Hands-on with dplyr: This is a really great introduction by Dmitry Grapov to one of my favorite R packages, dplyr. If you use R and are unaware of dplyr, you owe it to yourself to check it out. It’s a package created by the wonderfully-named Hadley Wickham that makes data manipulation/cleaning/pre-processing/analyzing very intuitive and easy. As Dmitry mentions in his guide, I also find this infographic cheat sheet by Rstudio very helpful when using the package. I have it printed out at my desk at the lab because I’m a nerd.

Speaking of Mr. Wickham, I also discovered his very own dplyr tutorial this week, which you can find here.

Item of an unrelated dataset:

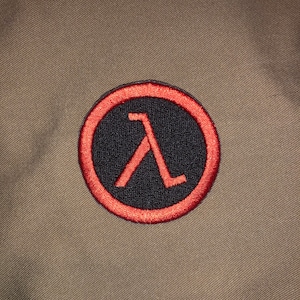 May include: A red and black embroidered patch with the Lambda symbol, a stylized letter "A", inside a circle.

As Beth summarized in her earlier post, many of us have been focusing on trying to learn python. While I’ve been trying to force myself to use it more often in my work, I’ve also found myself still nursing my R addiction. So which one should I focus on as I approach data analysis problems? Thankfully the good people at R-bloggers put together a really great infographic that breaks down the important differences between the two languages from a data science perspective.

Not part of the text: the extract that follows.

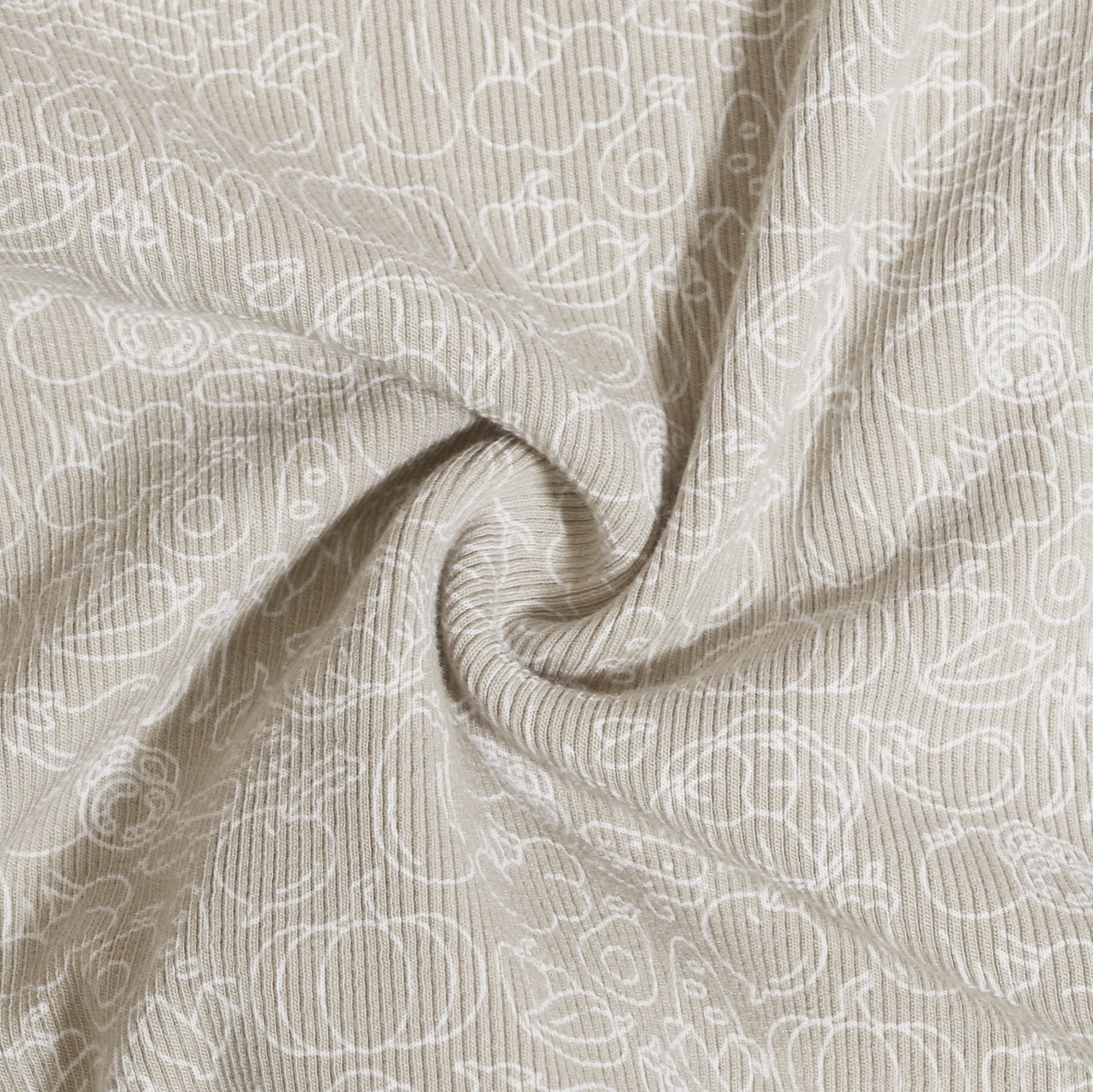 Beige fabric close-up with white abstract patterns showcasing Family Ribbed Print Sets for Summer and Spring by Yamza Tots' Closet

Another helpful resource I was glad I found this week was this video tutorial on python data analysis by Sarah Guido, a data scientist at Bitly. In it, she covers using iPython Notebooks, the pandas library (so far to me it seems similar to dplyr in R), plotting, and even some scikit-learn machine learning algorithms. As someone who is new to data analysis in python, I highly recommend checking it out. It was really helpful.

I’d also like to give a quick shoutout to PyCharm, the most recent python IDE I’ve been testing out. Nothing else I’ve tried has stuck, and I kept finding myself longing for something as simple, elegant, and functional as RStudio. The other python IDEs I’ve tried out have frustrated more than they’ve helped, and so far PyCharm has been the only one that has impressed me. There’s still a lot I need to figure out with it, but so far this one is looking like a winner.

Finally, I just thought this was a cool article discussing running python in a browser. trinket allows you to write, run, and share code from any browser or device, including your phone. I’m not sure if I’ll end up replacing the iphone breaks I take throughout the day to read websites and whatnot with code writing sessions, but I still like the fact that it’s possible.